▶ [Records supplied]:
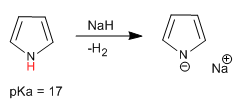 hidrogenos-acidos-pirrol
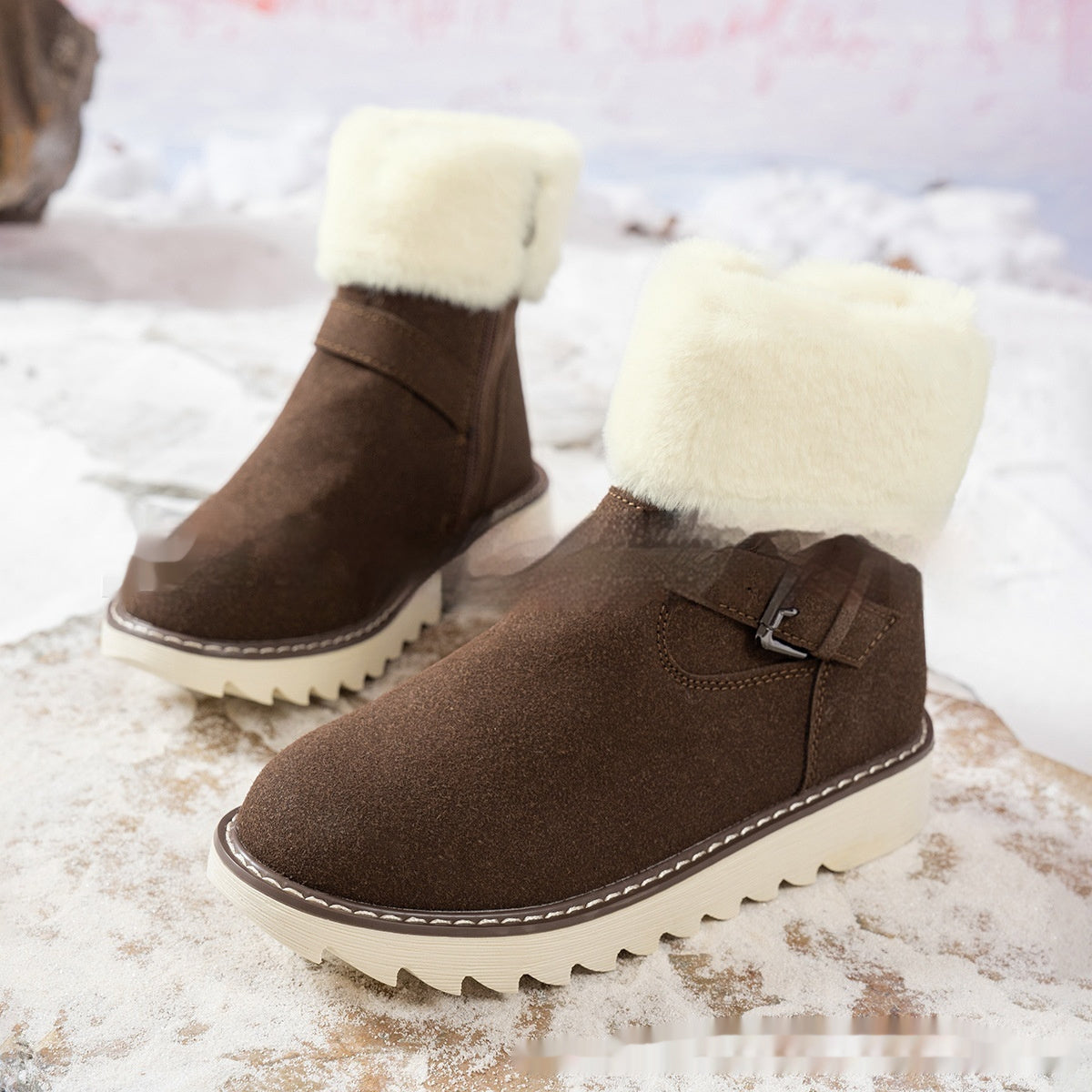 High Quality Middle Tube Platform Snow Boots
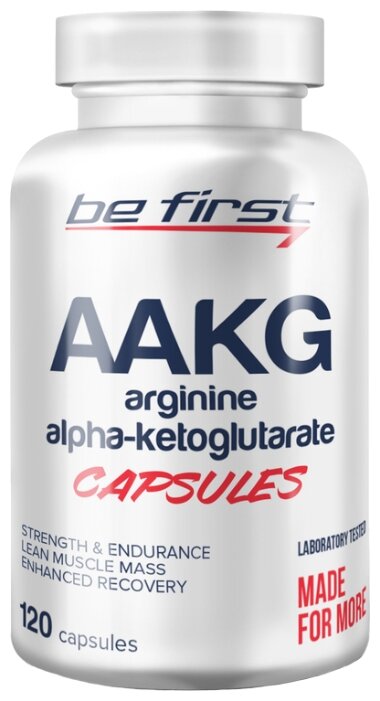 Предтренировочный комплекс Be First AAKG Capsules (120 шт.) (фото modal 1)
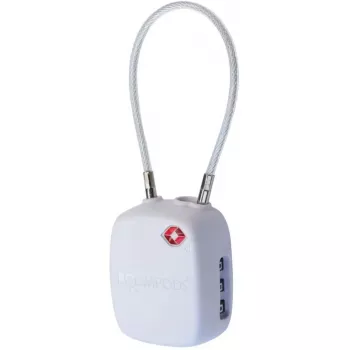 Boompods LOCK TSA TTSAWT Balts - Bluetooth somu izsekotājs ar TSA apstiprinātu slēdzeņu saderību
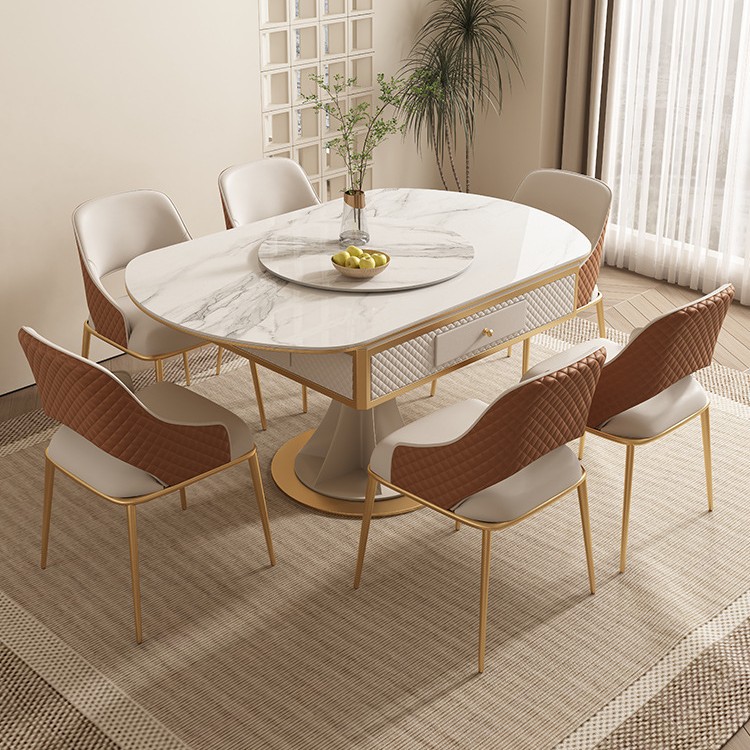 Mesa de mahjong automática, mesa de comedor de doble uso, simple, ligera, de lujo, pequeño apartamento, mesa de comedor de placa de roca para el hogar, máquina de mahjong silenciosa multifuncional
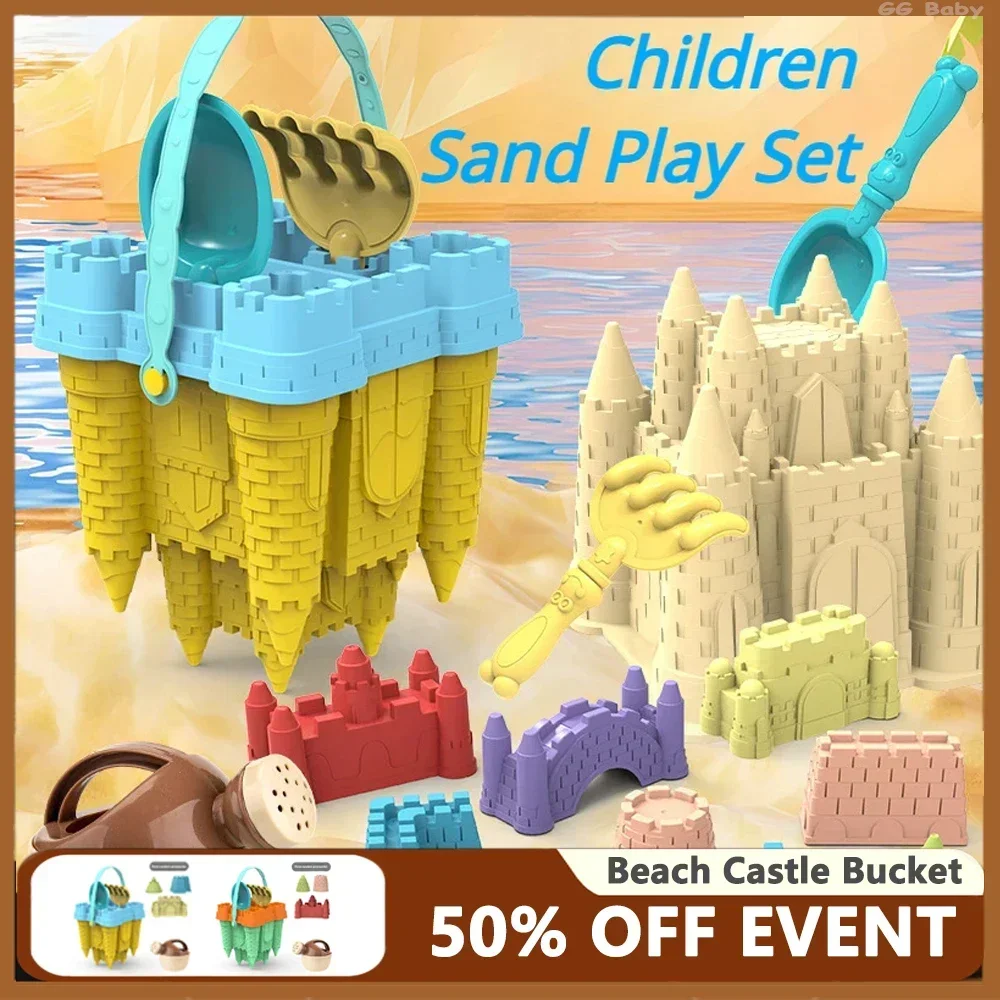 Beach Castle Bucket, Sand Scoo - Kids Outdoor Nature Play ulasan dan harga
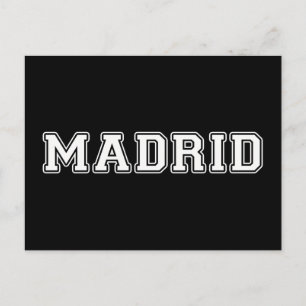 Madrid Spanien Postkarte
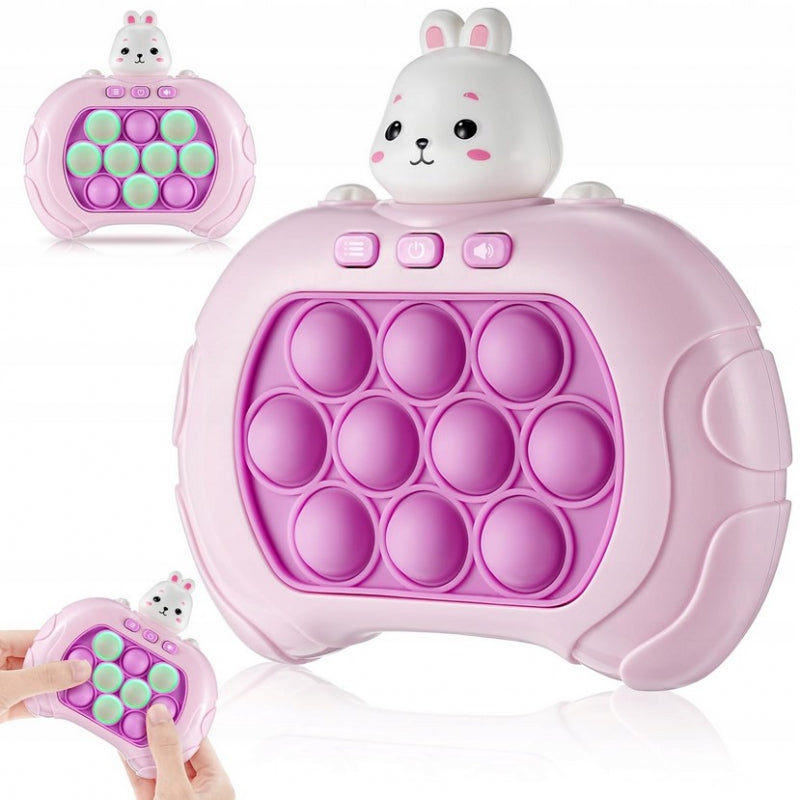 WOOPIE Fidget Spel POP IT roze Konijn, Antistress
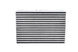 Garrett intercooler CAC for 750 HP engine, 18x12.1x3 inch aluminum air cooler with fins and inlet/outlet ports in a close-up view.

▶ [Problem to work on]: Copy word for word each line of the data above, from the first through the one containing "Madrid Spanien Postkarte", and include no pictures.

▶ [Output of the exercise]:
 hidrogenos-acidos-pirrol
 High Quality Middle Tube Platform Snow Boots
 Предтренировочный комплекс Be First AAKG Capsules (120 шт.) (фото modal 1)
 Boompods LOCK TSA TTSAWT Balts - Bluetooth somu izsekotājs ar TSA apstiprinātu slēdzeņu saderību
 Mesa de mahjong automática, mesa de comedor de doble uso, simple, ligera, de lujo, pequeño apartamento, mesa de comedor de placa de roca para el hogar, máquina de mahjong silenciosa multifuncional
 Beach Castle Bucket, Sand Scoo - Kids Outdoor Nature Play ulasan dan harga
 Madrid Spanien Postkarte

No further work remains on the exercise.